R code

R is a functional programming language.

class(log)
## [1] "function"

Function basics

Functions take in some input and return some output. The input are a collection of arguments to the function and the output is the return value.

Arguments

log(10)
## [1] 2.302585
log(x = 10)
## [1] 2.302585
log(10, base = exp(1))
## [1] 2.302585
log(10, base = 10)
## [1] 1
log(x = 10, base = 10)
## [1] 1

Take a look at the arguments.

args(log)
## function (x, base = exp(1)) 
## NULL

Default arguments

In the log function, the default value for the base argument is exp(1).

all.equal(
  log(10),
  log(10, base = exp(1))
)
## [1] TRUE

Positional matching

log(10, exp(1))
## [1] 2.302585
log(exp(1), 10)
## [1] 0.4342945

Name matching

log(x = 10, base = exp(1))
## [1] 2.302585
log(base = exp(1), x = 10)
## [1] 2.302585

Partial matching

log(10, b = exp(1))
## [1] 2.302585
log(10, ba = exp(1))
## [1] 2.302585
log(10, bas = exp(1))
## [1] 2.302585
log(10, base = exp(1))
## [1] 2.302585

R objects as input

y <- 100
log(y)
## [1] 4.60517

Return value

class(log(10))
## [1] "numeric"
class(as.data.frame(10))
## [1] "data.frame"
class(all.equal(1,1))
## [1] "logical"
class(all.equal(1,2))
## [1] "character"
m <- lm(len ~ dose, data = ToothGrowth)
class(m)
## [1] "lm"
class(summary(m))
## [1] "summary.lm"

Building functions

Function definition

# Create a function
add <- function(x, y) {
  x + y
}
add(1,2)
## [1] 3
add(x = 1, y = 2)
## [1] 3
add(1:2, 3:4)
## [1] 4 6
add(1:2, 3)
## [1] 4 5
add(1:2, 3:5)
## Warning in x + y: longer object length is not a multiple of shorter object
## length
## [1] 4 6 6

Default arguments

add <- function(x = 1, y = 2) {
  x + y
}
add()
## [1] 3
add(3)
## [1] 5
add(y = 5)
## [1] 6

Explicit return

R functions will return the last

add <- function(x, y) {
  return(x + y)
}
add(1,2)
## [1] 3

Suppose you want to return a TRUE/FALSE depending on whether a specific character is in a string. As soon as you find the character, you can immediately return TRUE If you don’t find the character, you can return FALSE.

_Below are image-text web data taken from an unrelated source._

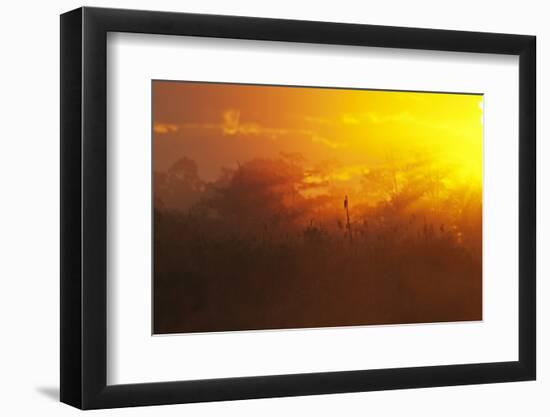 View of swamp habitat at sunrise, Everglades, Florida, USA-David Tipling-Framed Photographic Print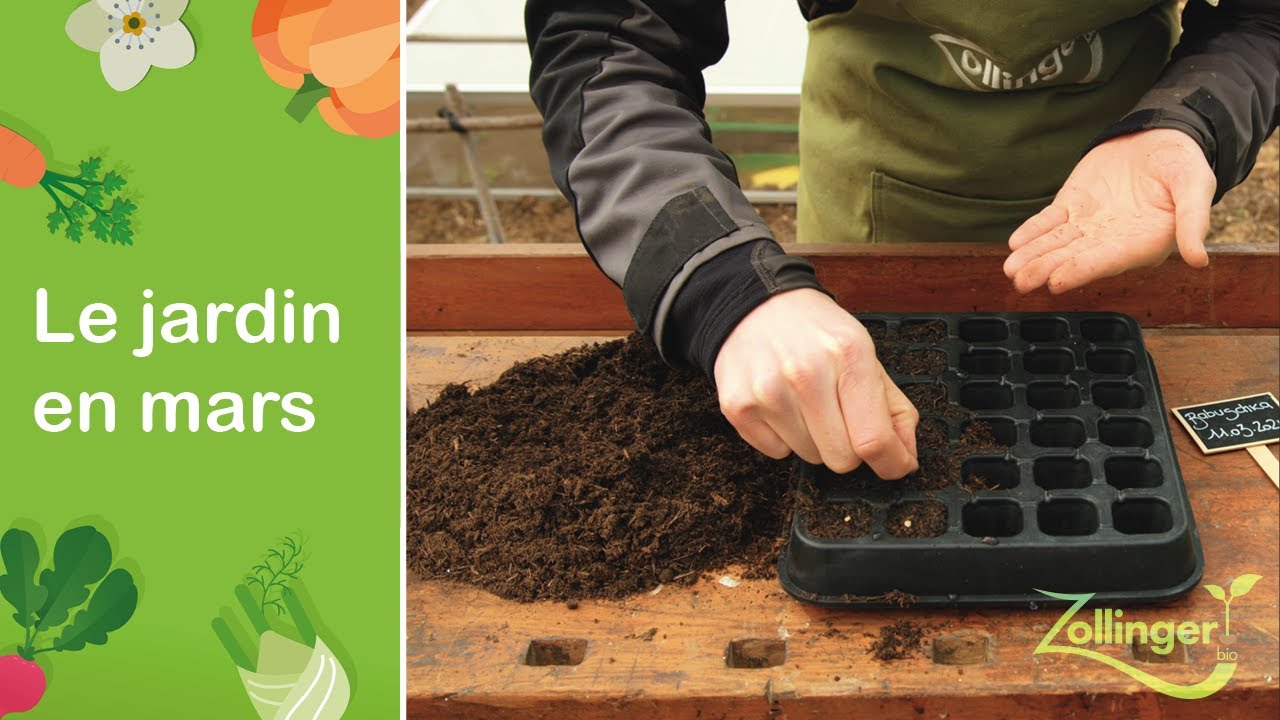 Le jardin en mars: les premiers semis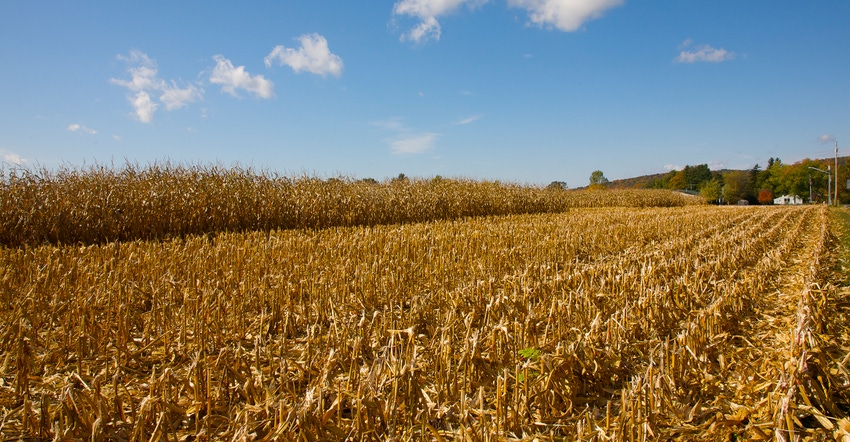 Cornfield after harvest Cornfield after harvest
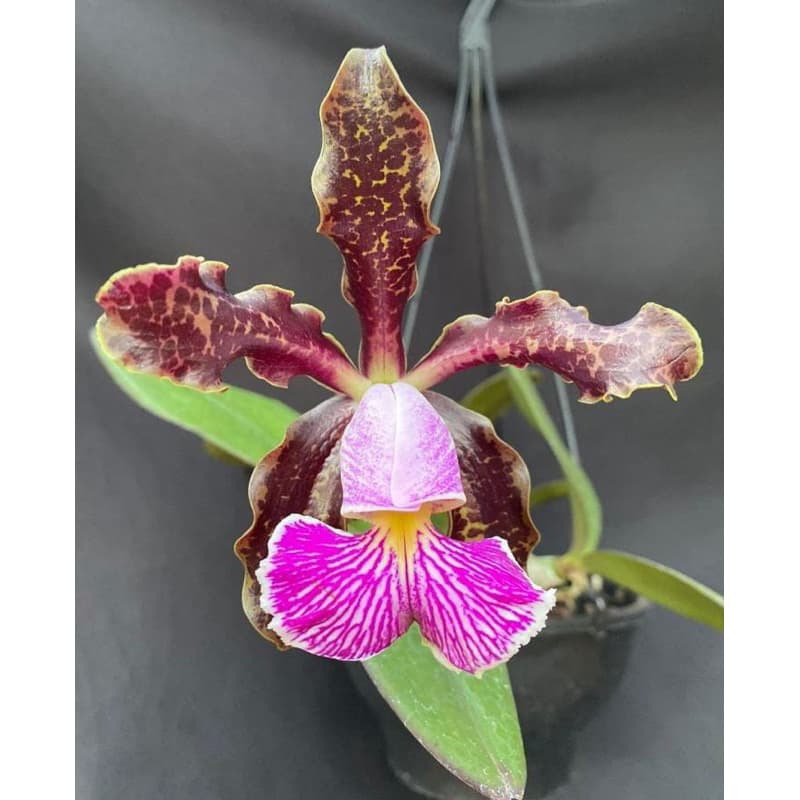 Orquídea Cattleya schilleriana tipo a florir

is_char_in_string <- function(string, char) {
  for (i in 1:nchar(string)) {
    if (char == substr(string, i, i))
      return(TRUE)
  }
  return(FALSE)
}
is_char_in_string("this is my string", "a")
## [1] FALSE
is_char_in_string("this is my string", "s")
## [1] TRUE

Error handling

add(1, "a")
## Error in x + y: non-numeric argument to binary operator

message()

add <- function(x, y) {
  message("Here is a message!")
  return(x + y)
}
add(1,2)
## Here is a message!
## [1] 3

warning()

add <- function(x, y) {
  warning("Here is a warning!")
  return(x + y)
}
add(1,2)
## Warning in add(1, 2): Here is a warning!
## [1] 3

stop()

add <- function(x, y) {
  stop("Here is an error!")
  return(x + y)
}
add(1,2)
## Error in add(1, 2): Here is an error!

stopifnot()

add <- function(x, y) {
  stopifnot(x < 0)
  return(x + y)
}
add(1,2)
## Error in add(1, 2): x < 0 is not TRUE
add <- function(x, y) {
  stopifnot(is.numeric(x))
  stopifnot(is.numeric(y))
  return(x + y)
}
add(1,2)
## [1] 3
add(1,"a")
## Error in add(1, "a"): is.numeric(y) is not TRUE
add("b")
## Error in add("b"): is.numeric(x) is not TRUE

Function issues

These are some issues I want you to be aware of so you (I hope) avoid issues in the future.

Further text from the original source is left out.